# Jobs - Unemployment Creeps Up to 8.3%



## PrepperRecon.com (Aug 1, 2012)

Today's jobs report from the BLS or the LBS as I like to call it (Lots of Bull Stuff) showed we added .1% to unemployment from June. 8.3% is a steady move up from 8.1% in April. When you look around, you may think it seems much worse than 8.3%. You are right, 8.3% is the U3 number which does not include people who have quite looking for jobs or those who are working part time because they can't find full time jobs. That jobs number is called U6 and is now at 15% which is up from 14.5% or a full half of a percent since April. using the U3 jobs numbers instead of the U6 jobs numbers is lying at worse and sugar coating at beast. The purpose is to make you feel better so you will keep consuming. If the BLS reports the real numbers, you will think there is an economic crisis coming and quite spending. As our economy is 70% consumer spending, everything falls apart when people get scared and quite spending. In fact the only thing holding our financial house of cards together is consumer confidence. When that goes, everything goes.

So what is the answer? Should they report the real numbers and cause a panic? If they did, the crash would come sooner. The sooner it comes, the sooner we can start to rebuild. The longer we wait, the larger the debt grows, the less our money is worth and the more severe the crash will be. For the people who can see it coming, the delay buys us precious time to build up our defenses in the way of cash, in case of a depression, precious metals, in case of hyperinflation, and food stock piles in case of what ever.
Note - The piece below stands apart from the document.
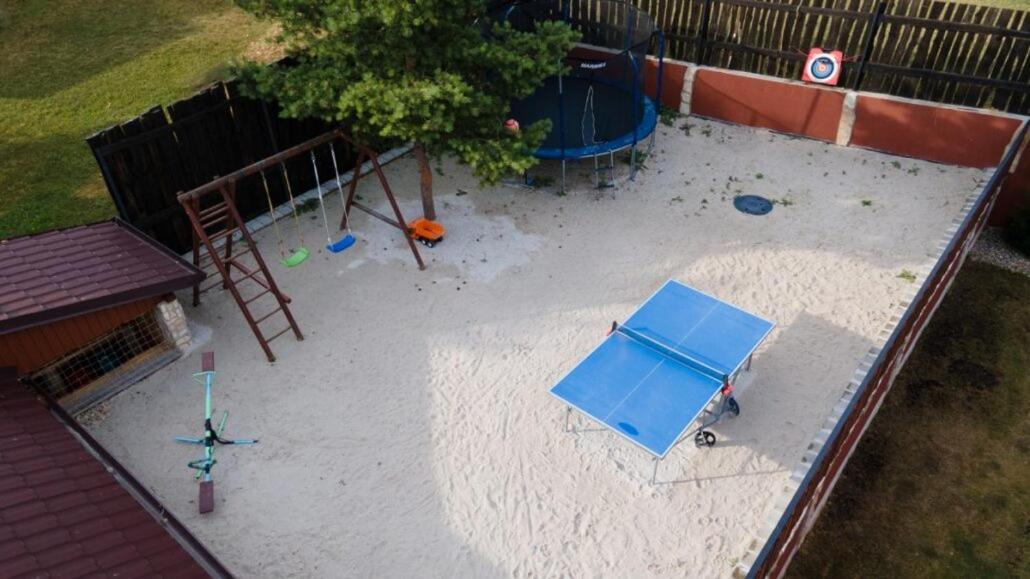 Apartmany U Dlouhana Kadan Luaran gambar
Do what you can, when you can to be prepared.:suppliesonforklift:

Here is the link to the BLS unemployment page.


----------



## Cygnus (May 27, 2012)

What are going to rebuild with is my greater concern. Do we actually bring back MFG to the USA? I mean we have outsourced so much production that we are causing our own demise.


----------



## PrepperRecon.com (Aug 1, 2012)

That's true, we no longer have the necessary infrastructure for MFG. It followed the jobs. The high school drop out rate is near 25% so I doubt we will be innovative leaders. Jim Rogers says farmers will be the ones driving Ferraris in 20 years. Maybe we can still be agricultural producers.


----------